Would have liked to see that!


----------



## disco (Jun 21, 2013)

S2K9K said:


> There's some good tips on this page:
> http://www.amazenproducts.com/Articles.asp?ID=238





Mr T 59874 said:


> Disco, you will find that by using saw dust it will burn longer.  By putting sawdust into a blender and making a powder, a ± 17 hour burn can be achieved while burning cooler than regular sawdust.
> 
> As you live in a drier climate as myself,  be concerned of the cheese drying a bit.  To counter this, consider placing a moist towel or pan of water in your smoker to raise the humidity. This will also help the smoke stick to the cheese better.
> 
> ...


Thanks guys.  I was going to use the propane torch but I will pick up a torch. I had planned to put an ice tray under the cheese but we have had 3 days of torrential rain and cold weather (flooding and evacuations in the area, washed out roads, etc).

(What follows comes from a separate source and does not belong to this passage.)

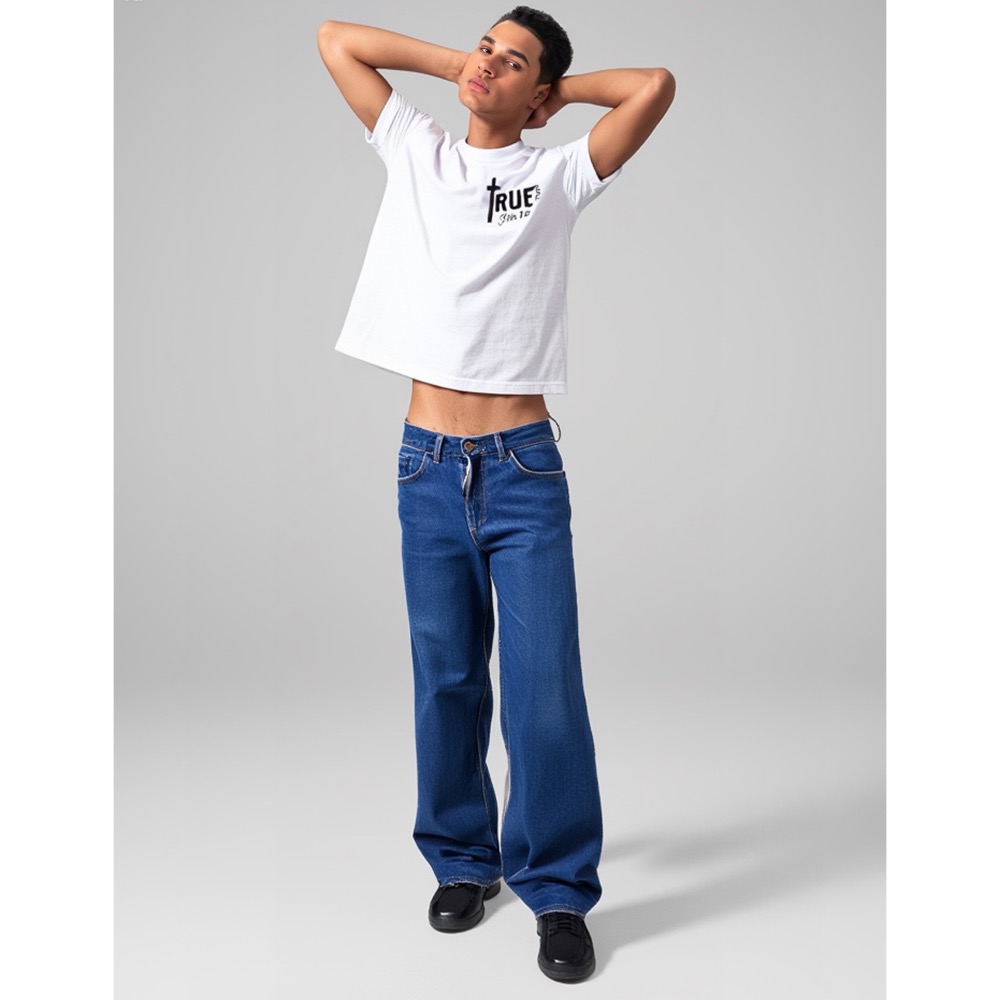 【TRUE STORY｜John 3:16 日本進口純棉 T-shirt】-規格圖3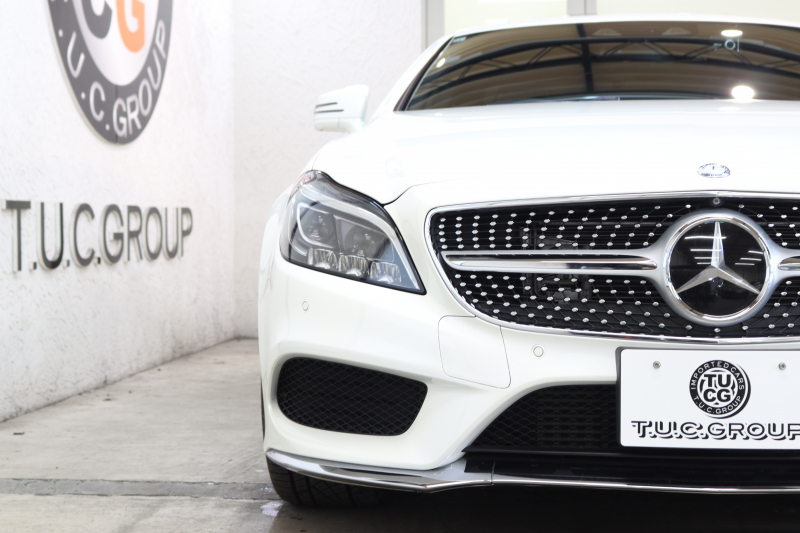 メルセデスベンツ CLS CLS220d AMGﾗｲﾝ ﾚｰﾀﾞｰｾｰﾌﾃｨPKG　後期 ｷｰﾚｽｺﾞｰ 黒本革 ｻﾝﾙｰﾌ HDDﾅﾋﾞTV&ｷｬﾝｾﾗｰ ｽﾏﾎ連携 360ｶﾒﾗ PTS LEDﾗｲﾄ AMGｴｱﾛ&19AW ｴｱｻｽ 7AT　2年保証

I don't think drying out or high temperatures are going to be a problem. 

Disco

Disco


----------



## bagbeard (Jun 22, 2013)

nasty weather out there! u in risk of flooding? we got some water issues here in ontario, holland marsh area. couple of hours from me though. here the farmland is looking better than ever!


----------



## disco (Jun 22, 2013)

bagbeard said:


> nasty weather out there! u in risk of flooding? we got some water issues here in ontario, holland marsh area. couple of hours from me though. here the farmland is looking better than ever!


Fortunately, I live on the side of a mountain but areas all around here are flooded. There are many roads closed and washed out.


----------